Mixture‑of‑Experts AI Models Run 10× Faster on NVIDIA Blackwell NVL72
Mixture‑of‑Experts (MoE) architectures have become the backbone of many of the most capable frontier AI models, yet their computational appetite often forces developers into costly hardware compromises. The open‑source community has watched the rollout of NVIDIA’s Blackwell line with cautious optimism, hoping the promised efficiency gains will translate into real‑world speedups for large‑scale language systems. Early benchmarks suggest the GB200 NVL72 chip could be a turning point, especially for models that rely on expert routing to scale parameters without a linear increase in latency.

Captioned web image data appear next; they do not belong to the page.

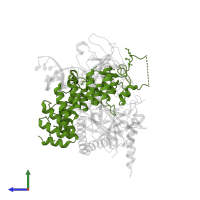 Protein lin-12 in PDB entry 2fo1, assembly 1, side view.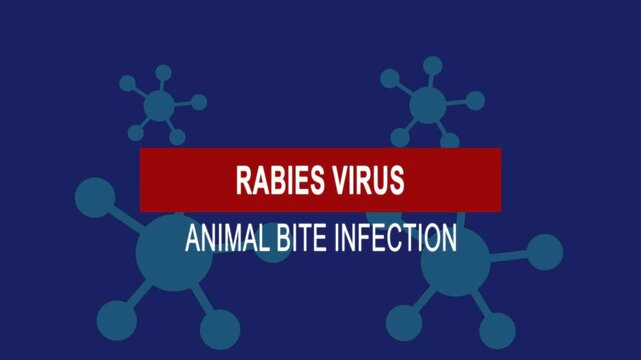 Rabies virus animal bite infection. Medical news alert headline virus animation background. Health concept.
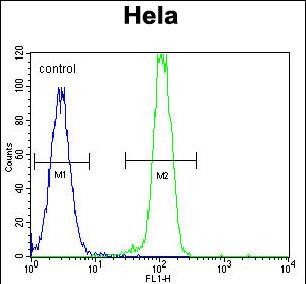 B2M Antibody (C-term) (Cat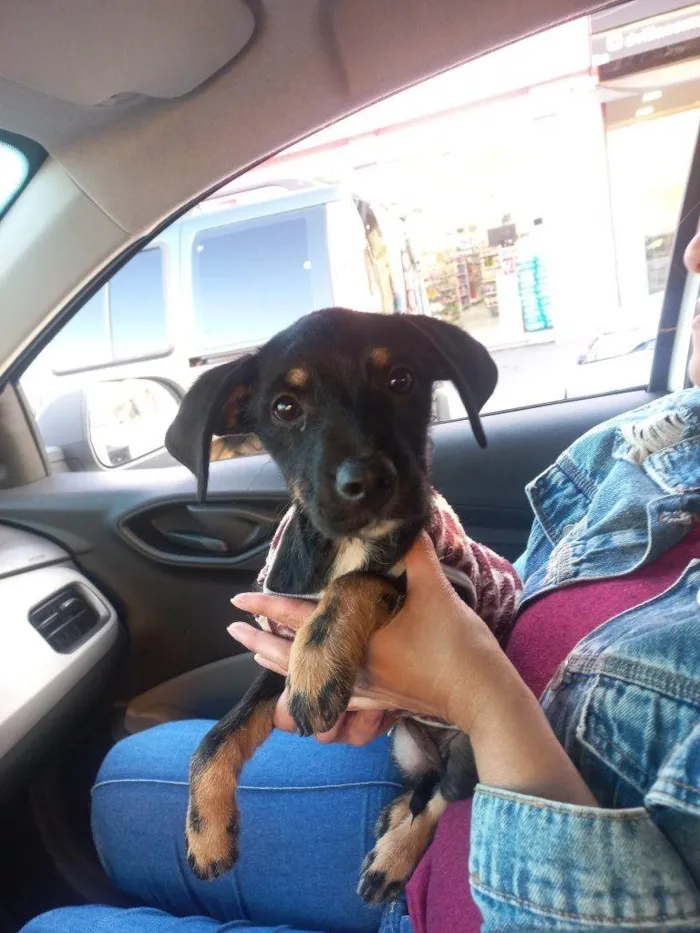 Cachorro ra a SRD-ViraLata idade Abaixo de 2 meses nome Falar com Karen - Whats 11 99845-0206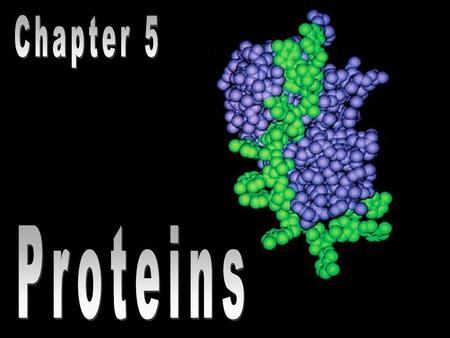 Chapter 5 Proteins.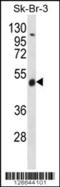 WD Repeat Domain 34 antibody, 56-416, ProSci, Western Blot image 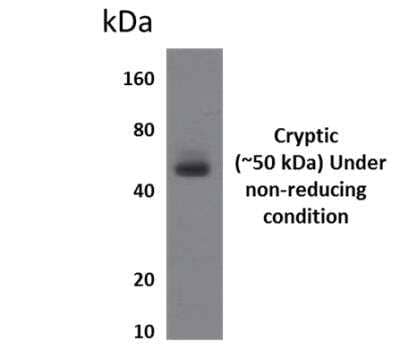 Western Blot: CYRPTIC/CFC1 Antibody (MM0205-8D12) [NBP2-12209] - Lysats of HEK293 cells overexpressing human CYRPTIC/CFC1 protein.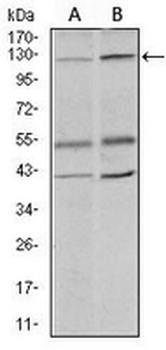 HIWI2 Mouse Monoclonal Antibody
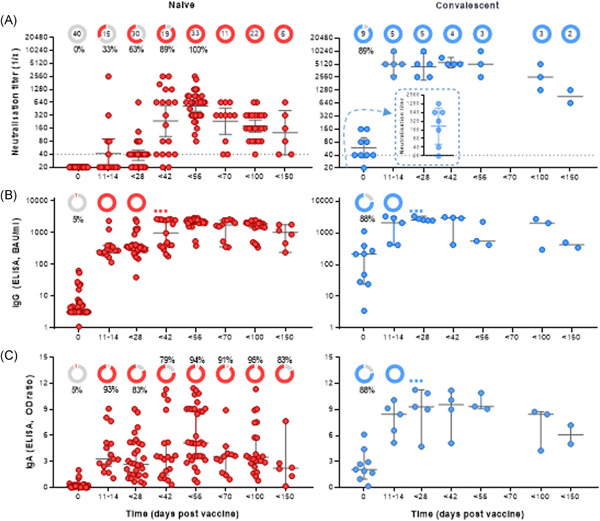 Kinetics and persistence of anti‐SARS‐CoV‐2 neutralisation and antibodies after BNT162b2 vaccination in a Swiss cohort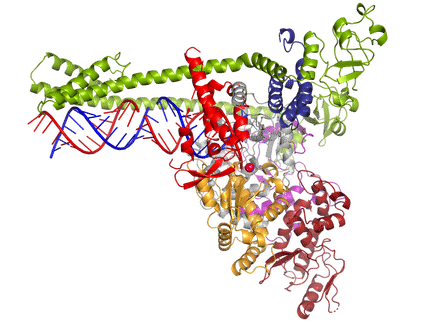 How the coronavirus multiplies its genetic material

If the hardware can indeed deliver an order‑of‑magnitude improvement over the previous Hopper generation, developers could push deeper, more nuanced MoE configurations into production without the usual trade‑offs. That prospect becomes even more intriguing when paired with custom software tweaks from partners like Together AI, whose optimizations aim to squeeze additional performance out of the silicon. The following remarks from NVIDIA’s founder and CEO at the recent GTC event in Washington, D.C., put those expectations into sharper focus.
At NVIDIA GTC Washington, D.C., NVIDIA founder and CEO Jensen Huang highlighted how GB200 NVL72 delivers 10x the performance of NVIDIA Hopper for DeepSeek-R1, and this performance extends to other DeepSeek variants as well. "With GB200 NVL72 and Together AI's custom optimizations, we are exceeding customer expectations for large-scale inference workloads for MoE models like DeepSeek-V3," said Vipul Ved Prakash, cofounder and CEO of Together AI. "The performance gains come from NVIDIA's full-stack optimizations coupled with Together AI Inference breakthroughs across kernels, runtime engine and speculative decoding." This performance advantage is evident across other frontier models.
Do these speed gains matter? The data shows ten‑fold acceleration for Kimi K2 Thinking, DeepSeek‑R1, Mistral Large 3 and several other frontier models when they run on NVIDIA’s Blackwell NVL72. Yet the claim rests on NVIDIA’s own benchmarks presented at GTC in Washington, D.C., where CEO Jensen Huang highlighted the GB200 NVL72’s performance over the previous Hopper generation.
Because every top‑10 open‑source model examined employs a mixture‑of‑experts architecture, the hardware advantage appears tied to that design. However, the report does not disclose how the speedup translates to real‑world workloads beyond the cited variants. And it remains unclear whether the same optimizations will hold for models that deviate from the MoE pattern.
The statement that “with GB200 NVL72 and Together AI’s custom optimizations, we are exceeding c…” is incomplete, leaving the exact performance target ambiguous. In short, the hardware‑software pairing delivers impressive numbers for a select set of MoE models, but broader applicability and long‑term impact have yet to be demonstrated.
Further Reading
- Papers with Code - Latest NLP Research - Papers with Code
- Hugging Face Daily Papers - Hugging Face
- ArXiv CS.CL (Computation and Language) - ArXiv
Common Questions Answered
What performance improvement does the GB200 NVL72 chip provide for DeepSeek‑R1 compared to the Hopper generation?
At NVIDIA GTC, Jensen Huang announced that the GB200 NVL72 delivers ten times the performance of the Hopper generation for DeepSeek‑R1. This ten‑fold boost is highlighted as a key advantage for large‑scale inference workloads on MoE models.
Which frontier AI models are reported to achieve ten‑fold acceleration when running on NVIDIA’s Blackwell NVL72?
The article cites ten‑fold acceleration for Kimi K2 Thinking, DeepSeek‑R1, Mistral Large 3, and several other frontier models when they run on the Blackwell NVL72. These speed gains are based on NVIDIA’s own benchmarks presented at GTC.
How does Together AI contribute to the performance gains of MoE models on the GB200 NVL72?
Vipul Ved Prakash, co‑founder of Together AI, said that custom optimizations from Together AI combined with the GB200 NVL72 exceed customer expectations for large‑scale inference workloads. These optimizations specifically enhance MoE models such as DeepSeek‑V3.
Why are Mixture‑of‑Experts (MoE) architectures especially relevant to the hardware advantages of the Blackwell NVL72?
Every top‑10 open‑source model examined in the article uses a Mixture‑of‑Experts architecture, making them highly compute‑intensive. The Blackwell NVL72’s efficiency gains therefore translate directly into substantial speedups for these MoE‑based models.